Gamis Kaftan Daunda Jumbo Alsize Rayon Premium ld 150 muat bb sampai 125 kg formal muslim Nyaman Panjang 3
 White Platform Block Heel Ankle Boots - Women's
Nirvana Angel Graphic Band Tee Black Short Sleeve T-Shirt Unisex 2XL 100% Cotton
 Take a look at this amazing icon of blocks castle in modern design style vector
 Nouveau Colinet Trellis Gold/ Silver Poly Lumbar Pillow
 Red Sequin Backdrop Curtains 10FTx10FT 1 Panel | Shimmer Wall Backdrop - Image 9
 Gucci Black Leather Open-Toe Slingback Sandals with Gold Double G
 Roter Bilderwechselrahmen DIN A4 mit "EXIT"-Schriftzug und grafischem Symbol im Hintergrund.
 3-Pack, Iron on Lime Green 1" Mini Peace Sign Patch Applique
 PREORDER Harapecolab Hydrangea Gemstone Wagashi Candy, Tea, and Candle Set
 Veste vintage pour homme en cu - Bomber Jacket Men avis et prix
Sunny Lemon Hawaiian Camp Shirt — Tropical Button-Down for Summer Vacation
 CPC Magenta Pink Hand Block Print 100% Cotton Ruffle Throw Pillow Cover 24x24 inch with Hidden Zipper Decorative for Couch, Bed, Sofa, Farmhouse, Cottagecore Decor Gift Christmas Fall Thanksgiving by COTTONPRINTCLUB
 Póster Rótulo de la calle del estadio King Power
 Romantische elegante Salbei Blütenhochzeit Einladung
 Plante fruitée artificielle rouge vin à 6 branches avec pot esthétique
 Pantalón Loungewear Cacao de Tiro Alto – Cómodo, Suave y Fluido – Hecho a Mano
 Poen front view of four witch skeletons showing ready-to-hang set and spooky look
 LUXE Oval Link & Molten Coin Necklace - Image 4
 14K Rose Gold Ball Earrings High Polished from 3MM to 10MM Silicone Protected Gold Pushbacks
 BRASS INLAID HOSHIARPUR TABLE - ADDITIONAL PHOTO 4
━━━━━━━━━━━━━━━━━━━━━━━━━━━━━━
* Task prompt *
Both the line containing "White Platform Block" and the line containing "Sunny Lemon Hawaiian" belong in the answer. Print them and every line above that falls between them exactly, and no others.

* Solution to the problem *
 White Platform Block Heel Ankle Boots - Women's
Nirvana Angel Graphic Band Tee Black Short Sleeve T-Shirt Unisex 2XL 100% Cotton
 Take a look at this amazing icon of blocks castle in modern design style vector
 Nouveau Colinet Trellis Gold/ Silver Poly Lumbar Pillow
 Red Sequin Backdrop Curtains 10FTx10FT 1 Panel | Shimmer Wall Backdrop - Image 9
 Gucci Black Leather Open-Toe Slingback Sandals with Gold Double G
 Roter Bilderwechselrahmen DIN A4 mit "EXIT"-Schriftzug und grafischem Symbol im Hintergrund.
 3-Pack, Iron on Lime Green 1" Mini Peace Sign Patch Applique
 PREORDER Harapecolab Hydrangea Gemstone Wagashi Candy, Tea, and Candle Set
 Veste vintage pour homme en cu - Bomber Jacket Men avis et prix
Sunny Lemon Hawaiian Camp Shirt — Tropical Button-Down for Summer Vacation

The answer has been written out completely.